Organisation du culte
catholique
Alger n'avait, en 1830, pour l'exercice du
culte catholique, que la chapelle des esclaves, au bagne de la Caserne
des Lions, rue Bab-Azoun. La messe fut dite ensuite dans la chapelle des
Lazaristes, située rue de l'Etat-Major ( Il
y avait encore des chapelles privées, telles celles de la Maison
de France et du Consulat d'Espagne. Pour d'autres chapelles d'esclaves,
voir à : Bagnes chrétiens.).
En 1832, la mosquée Ketchaoua, située rue du Divan, fut
transformée en église chrétienne. Il en fut de même,
en 1839, de la mosquée extérieure de la Casbah, et, en 1841,
de la mosquée Ali-Bitchnin (rue de la Casbah). Des chapelles furent
également créées ( Une
église fut aussi créée à Mustapha, que l'on
installa dans une voûte donnée par un colon. Disons, pour
mémoire, que les premières églises bâties hors
d'Alger furent, par ordre de construction, celles de Dély-Ibrahim,
de Draria, de Birkadem (dont le maître-autel fut offert par le roi
de Naples) et de Douéra.) en divers immeubles. Rue
de Constantine (à l'angle de
la rue Waïsse), un petit temple fut construit : Saint
Augustin, dont 1851 vit le baptême de la première
cloche.
En 1866, l'église de ce vocable fut, place d'Isly, en la maison
attenante au Mont
de Piété.
En 1870, en une ancienne caserne du Train que remplaça l'actuel
Palais de Justice. En 1877, en une construction en bois qui s'étendait
en travers de la rue Portalis. En 1878, dans le présent édifice
de la rue de Constantine, en face duquel
débouche la rue Pinson de Ménerville.
Il y eut à Alger, outre les églises précédemment
mentionnées, un certain nombre de chapelles, la plupart dépendant
d'établissements religieux ou universitaires.

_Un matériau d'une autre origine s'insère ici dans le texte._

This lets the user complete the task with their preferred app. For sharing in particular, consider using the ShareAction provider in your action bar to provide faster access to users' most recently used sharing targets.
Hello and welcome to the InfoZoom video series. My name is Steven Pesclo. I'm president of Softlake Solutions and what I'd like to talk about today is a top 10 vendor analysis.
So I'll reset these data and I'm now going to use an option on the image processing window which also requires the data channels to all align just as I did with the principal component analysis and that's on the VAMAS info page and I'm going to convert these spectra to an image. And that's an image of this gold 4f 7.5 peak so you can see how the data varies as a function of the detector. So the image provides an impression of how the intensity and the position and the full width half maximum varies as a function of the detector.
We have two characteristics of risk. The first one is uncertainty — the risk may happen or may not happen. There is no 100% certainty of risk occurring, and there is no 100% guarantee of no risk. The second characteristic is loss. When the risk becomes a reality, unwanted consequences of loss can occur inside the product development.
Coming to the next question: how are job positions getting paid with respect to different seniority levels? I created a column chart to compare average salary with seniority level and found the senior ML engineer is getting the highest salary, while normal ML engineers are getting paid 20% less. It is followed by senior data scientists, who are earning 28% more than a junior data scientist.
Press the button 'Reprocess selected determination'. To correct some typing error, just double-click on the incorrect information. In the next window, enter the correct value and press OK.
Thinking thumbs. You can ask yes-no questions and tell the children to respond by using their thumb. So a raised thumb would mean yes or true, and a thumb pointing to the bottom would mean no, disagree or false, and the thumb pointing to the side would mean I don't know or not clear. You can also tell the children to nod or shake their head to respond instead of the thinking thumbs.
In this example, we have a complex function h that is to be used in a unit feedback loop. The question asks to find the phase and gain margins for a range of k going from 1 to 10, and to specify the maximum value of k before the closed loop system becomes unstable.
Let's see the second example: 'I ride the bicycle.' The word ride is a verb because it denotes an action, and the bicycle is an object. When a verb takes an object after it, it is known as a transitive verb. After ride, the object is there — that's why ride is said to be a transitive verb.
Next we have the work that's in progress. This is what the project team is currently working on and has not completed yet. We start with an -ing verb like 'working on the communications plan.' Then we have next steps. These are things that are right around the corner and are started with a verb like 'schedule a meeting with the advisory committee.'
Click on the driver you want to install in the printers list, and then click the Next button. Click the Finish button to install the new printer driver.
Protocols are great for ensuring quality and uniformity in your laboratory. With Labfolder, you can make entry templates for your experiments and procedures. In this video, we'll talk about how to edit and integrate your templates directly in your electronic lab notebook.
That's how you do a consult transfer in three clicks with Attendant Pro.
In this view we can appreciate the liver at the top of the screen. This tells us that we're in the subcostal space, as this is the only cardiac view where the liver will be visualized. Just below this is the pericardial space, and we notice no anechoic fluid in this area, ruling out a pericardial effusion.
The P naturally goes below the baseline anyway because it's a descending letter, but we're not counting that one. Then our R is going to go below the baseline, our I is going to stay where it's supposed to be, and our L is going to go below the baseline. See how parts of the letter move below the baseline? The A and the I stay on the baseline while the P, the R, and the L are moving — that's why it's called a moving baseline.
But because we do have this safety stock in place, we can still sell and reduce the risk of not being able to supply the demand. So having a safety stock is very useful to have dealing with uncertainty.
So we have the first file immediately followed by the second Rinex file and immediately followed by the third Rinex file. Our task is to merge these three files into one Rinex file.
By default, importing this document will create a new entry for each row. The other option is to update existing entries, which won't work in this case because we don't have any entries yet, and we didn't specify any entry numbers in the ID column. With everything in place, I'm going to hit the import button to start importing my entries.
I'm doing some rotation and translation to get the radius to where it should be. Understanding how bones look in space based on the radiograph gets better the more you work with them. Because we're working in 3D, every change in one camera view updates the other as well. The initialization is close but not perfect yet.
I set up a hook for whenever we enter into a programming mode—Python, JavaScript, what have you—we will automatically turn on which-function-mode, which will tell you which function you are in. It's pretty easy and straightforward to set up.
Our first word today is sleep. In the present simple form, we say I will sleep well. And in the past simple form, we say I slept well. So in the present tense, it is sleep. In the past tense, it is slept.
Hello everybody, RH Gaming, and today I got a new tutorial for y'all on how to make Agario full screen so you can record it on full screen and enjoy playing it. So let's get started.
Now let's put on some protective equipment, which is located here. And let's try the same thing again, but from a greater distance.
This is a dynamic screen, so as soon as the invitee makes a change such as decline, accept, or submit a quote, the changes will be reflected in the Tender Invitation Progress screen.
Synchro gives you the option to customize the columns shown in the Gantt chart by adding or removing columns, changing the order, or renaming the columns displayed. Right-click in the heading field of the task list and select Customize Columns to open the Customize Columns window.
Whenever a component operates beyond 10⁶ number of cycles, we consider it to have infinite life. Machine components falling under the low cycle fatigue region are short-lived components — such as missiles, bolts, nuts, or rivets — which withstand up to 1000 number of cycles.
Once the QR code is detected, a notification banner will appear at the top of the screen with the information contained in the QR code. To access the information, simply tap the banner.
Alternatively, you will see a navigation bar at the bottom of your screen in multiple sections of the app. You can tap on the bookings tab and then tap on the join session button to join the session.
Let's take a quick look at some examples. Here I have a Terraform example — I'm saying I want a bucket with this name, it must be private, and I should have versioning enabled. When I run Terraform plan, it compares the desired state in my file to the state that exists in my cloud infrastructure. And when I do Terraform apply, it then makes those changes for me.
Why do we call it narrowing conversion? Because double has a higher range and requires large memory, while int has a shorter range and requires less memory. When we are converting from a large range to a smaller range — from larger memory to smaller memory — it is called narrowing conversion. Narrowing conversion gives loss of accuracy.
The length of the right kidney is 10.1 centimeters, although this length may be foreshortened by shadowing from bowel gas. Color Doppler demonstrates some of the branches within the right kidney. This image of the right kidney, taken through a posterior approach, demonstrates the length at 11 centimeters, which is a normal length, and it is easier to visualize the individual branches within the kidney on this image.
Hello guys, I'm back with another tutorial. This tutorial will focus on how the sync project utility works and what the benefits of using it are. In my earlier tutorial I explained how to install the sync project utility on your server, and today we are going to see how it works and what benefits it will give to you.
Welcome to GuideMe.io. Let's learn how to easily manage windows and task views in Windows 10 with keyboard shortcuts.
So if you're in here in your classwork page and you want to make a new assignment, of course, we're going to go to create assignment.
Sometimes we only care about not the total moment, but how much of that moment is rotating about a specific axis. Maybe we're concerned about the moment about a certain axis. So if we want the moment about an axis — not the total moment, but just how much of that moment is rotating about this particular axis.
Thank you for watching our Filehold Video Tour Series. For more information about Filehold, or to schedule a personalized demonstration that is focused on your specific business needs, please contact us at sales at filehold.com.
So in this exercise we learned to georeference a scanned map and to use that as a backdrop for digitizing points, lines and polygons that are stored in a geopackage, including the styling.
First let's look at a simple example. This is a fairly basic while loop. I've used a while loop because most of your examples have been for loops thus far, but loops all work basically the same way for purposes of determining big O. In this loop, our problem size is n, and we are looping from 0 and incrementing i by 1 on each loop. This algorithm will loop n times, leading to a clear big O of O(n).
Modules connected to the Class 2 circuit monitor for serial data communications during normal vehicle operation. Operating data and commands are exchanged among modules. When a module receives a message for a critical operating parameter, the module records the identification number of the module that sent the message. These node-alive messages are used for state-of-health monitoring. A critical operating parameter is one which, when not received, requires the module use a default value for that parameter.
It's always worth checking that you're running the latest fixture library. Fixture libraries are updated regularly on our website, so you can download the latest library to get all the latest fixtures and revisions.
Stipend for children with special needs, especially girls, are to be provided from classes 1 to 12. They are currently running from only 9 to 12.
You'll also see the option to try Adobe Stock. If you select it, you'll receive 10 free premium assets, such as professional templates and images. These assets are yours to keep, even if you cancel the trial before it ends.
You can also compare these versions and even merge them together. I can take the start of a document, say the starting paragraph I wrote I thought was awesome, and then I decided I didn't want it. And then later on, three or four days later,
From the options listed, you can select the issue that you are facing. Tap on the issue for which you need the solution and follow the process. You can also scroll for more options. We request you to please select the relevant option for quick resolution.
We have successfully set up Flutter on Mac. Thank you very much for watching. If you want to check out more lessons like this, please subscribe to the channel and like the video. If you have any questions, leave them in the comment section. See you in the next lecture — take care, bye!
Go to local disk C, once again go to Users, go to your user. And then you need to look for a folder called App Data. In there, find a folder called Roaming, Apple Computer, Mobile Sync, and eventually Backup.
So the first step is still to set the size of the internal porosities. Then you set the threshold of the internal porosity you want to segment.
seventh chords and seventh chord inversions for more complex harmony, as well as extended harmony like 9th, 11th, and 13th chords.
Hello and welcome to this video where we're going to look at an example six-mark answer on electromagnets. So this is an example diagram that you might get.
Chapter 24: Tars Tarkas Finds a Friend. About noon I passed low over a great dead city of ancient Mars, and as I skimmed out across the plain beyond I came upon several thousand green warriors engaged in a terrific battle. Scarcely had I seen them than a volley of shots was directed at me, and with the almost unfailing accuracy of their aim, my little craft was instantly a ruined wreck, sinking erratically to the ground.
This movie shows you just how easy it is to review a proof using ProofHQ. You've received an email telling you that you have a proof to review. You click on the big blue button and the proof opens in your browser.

Citons celles du collège de la rue Bab-Azoun,
(ancienne caserne de janissaires), installée dans la chambre tapissée
d'émail de Yahia-Agha (mentionnée déjà); des
Lazaristes, impasse Sainte-Philomène; des Pères
de la rue Salluste; du couvent de la Miséricorde
(même rue), jadis Dar-el-Khal (maison du vinaigre); de
l'Evêché; de la
Doctrine Chrétienne, rue Roland-de-Bussy, que desservait
l'ancien aumônier du consulat d'Espagne; des
Jésuites, rue des Consuls, sur l'emplacement de l'ancienne
chancellerie de Suède; des Espagnols,
voisine de la rue de la Lyre; du Sacré-Coeur,
devenue centre de paroisse à Mustapha, en l'ancienne villa de Yahia-Agha,
qui fut détruite en 1934; de l'orphelinat
Saint-Vincent-de-Paul, à
Mustapha-Supérieur, dans un domaine de Mustapha-Pacha;
de Notre-Dame du Ravin, dans la vallée
des Consuls, dont la première pierre fut posée
le 14 octobre 1855, non loin du lieu où un olivier séculaire
avait gardé, pendant quelques années, en son tronc évidé,
une statue de la Vierge, objet de la dévotion populaire; de
la Chapelle Provisoire, élevée en 1857 et inaugurée
le 28 août 1861, remplaça la
basilique de Notre-Dame d'Afrique, commencée en 1858
et consacrée en 1872 par l'archevêque Lavigerie.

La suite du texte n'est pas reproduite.